Reputation: 4222
I have a doubt about how to parse any text into valid sentence.
Suppose a text is given iamjhamb
and parse into i am jhamb
My approach: I solved this using Dynamic programmnig,
Make an array T[], where T[i] shows string from 0 to i made any valid setence or not
formula is T[i] = 1 iff T[j] = 1 and substring(j+1, i) is a word in dictionary for all
j < i.
But this approach is not totally correct, it gives all possible words form from this text, as this is not the demand of this questioin. So, please help me to correct this approach, or suggest any other good approach.
I have one more doubt, i searched a lot on net about Suffix array, but I didn't get any good tutorial. So make me understand that concept, or suggest any good link. Thanks in advance.
Upvotes: 0
Views: 200
Reputation: 3744
This problem is known as the word segmentation problem in natural language processing. While this problem rarely arises for English, it is quite common for Arabic or Chinese. You could review the literature on the subject and consider adapting one of the methods to your case.

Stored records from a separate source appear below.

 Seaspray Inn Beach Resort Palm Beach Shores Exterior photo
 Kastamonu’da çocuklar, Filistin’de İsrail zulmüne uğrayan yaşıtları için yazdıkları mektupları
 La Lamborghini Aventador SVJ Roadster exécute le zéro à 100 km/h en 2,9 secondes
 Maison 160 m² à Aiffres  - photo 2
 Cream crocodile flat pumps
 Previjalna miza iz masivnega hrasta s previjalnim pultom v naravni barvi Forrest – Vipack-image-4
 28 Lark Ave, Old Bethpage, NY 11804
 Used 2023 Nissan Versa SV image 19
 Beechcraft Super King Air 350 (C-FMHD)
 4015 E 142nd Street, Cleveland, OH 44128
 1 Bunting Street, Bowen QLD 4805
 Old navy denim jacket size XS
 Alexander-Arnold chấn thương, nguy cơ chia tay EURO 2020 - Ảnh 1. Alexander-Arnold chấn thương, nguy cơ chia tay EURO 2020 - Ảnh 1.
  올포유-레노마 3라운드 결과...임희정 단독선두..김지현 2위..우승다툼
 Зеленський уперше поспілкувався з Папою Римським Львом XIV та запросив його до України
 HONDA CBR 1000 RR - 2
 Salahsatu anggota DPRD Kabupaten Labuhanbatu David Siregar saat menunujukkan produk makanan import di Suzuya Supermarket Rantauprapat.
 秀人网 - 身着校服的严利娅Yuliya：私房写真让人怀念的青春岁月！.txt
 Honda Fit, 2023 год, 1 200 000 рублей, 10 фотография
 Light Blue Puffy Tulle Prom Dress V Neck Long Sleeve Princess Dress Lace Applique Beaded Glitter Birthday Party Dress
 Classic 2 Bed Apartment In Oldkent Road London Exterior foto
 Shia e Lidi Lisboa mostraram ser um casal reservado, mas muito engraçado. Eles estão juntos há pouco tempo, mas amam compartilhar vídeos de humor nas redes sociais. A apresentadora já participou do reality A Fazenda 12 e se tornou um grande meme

As for your algorithm, the simplest thing to do would be to enumerate the possible segmentations it produces and select one using a language model. I think a bigram model might suffice for simple sentences.
Suffix tree would allow you to find the possible segmentations more efficiently, but would not help identifying the most likely one, unless you go for a language model based on suffix trees.
Upvotes: 1